● Given information
+ + +
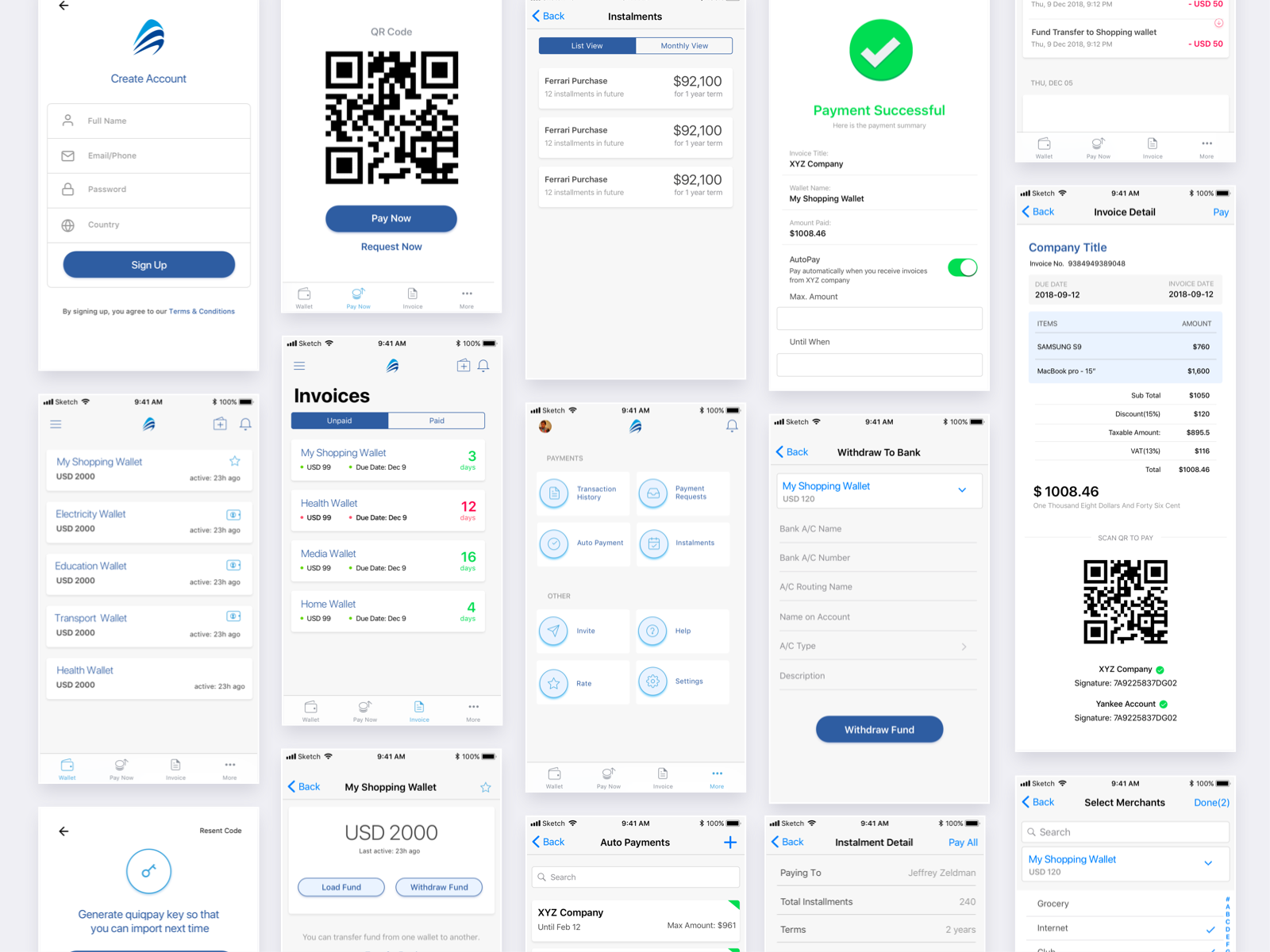 Example of QuipPay - Digital Wallet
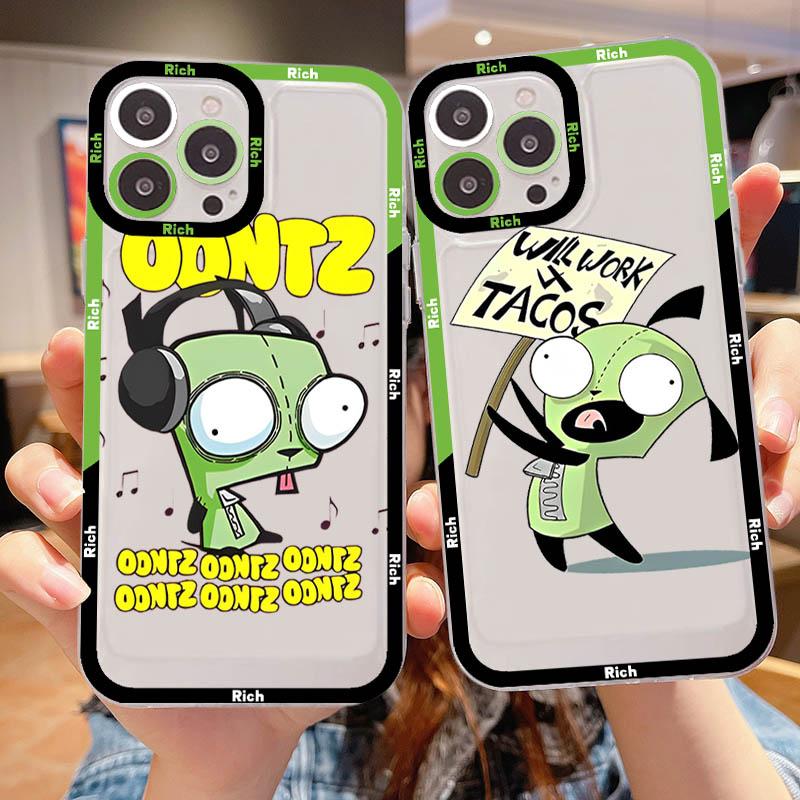 Invader Zim Phone Case For IPhone 14 13 12 11 Pro Max XS X XR SE 2020 6 7 8 Plus Mini Protective Cover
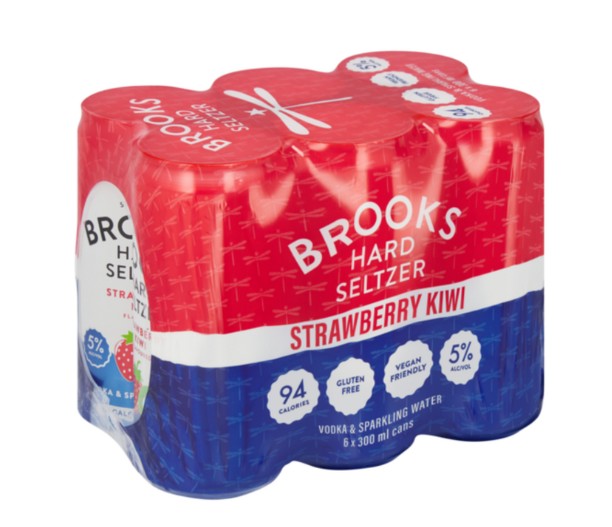 Brooks Seltzers Strawberry Kiwi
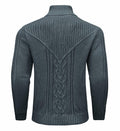 SAVKOOV Men's Shawl Collar Cable Knit Pullover Sweater Deep Gray Size 3X-Large by Deal US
+ + +
● Your task
Retype the data above in full, exactly as it stands, and skip any image.

● Task output
 Example of QuipPay - Digital Wallet
 Invader Zim Phone Case For IPhone 14 13 12 11 Pro Max XS X XR SE 2020 6 7 8 Plus Mini Protective Cover
 Brooks Seltzers Strawberry Kiwi
 SAVKOOV Men's Shawl Collar Cable Knit Pullover Sweater Deep Gray Size 3X-Large by Deal US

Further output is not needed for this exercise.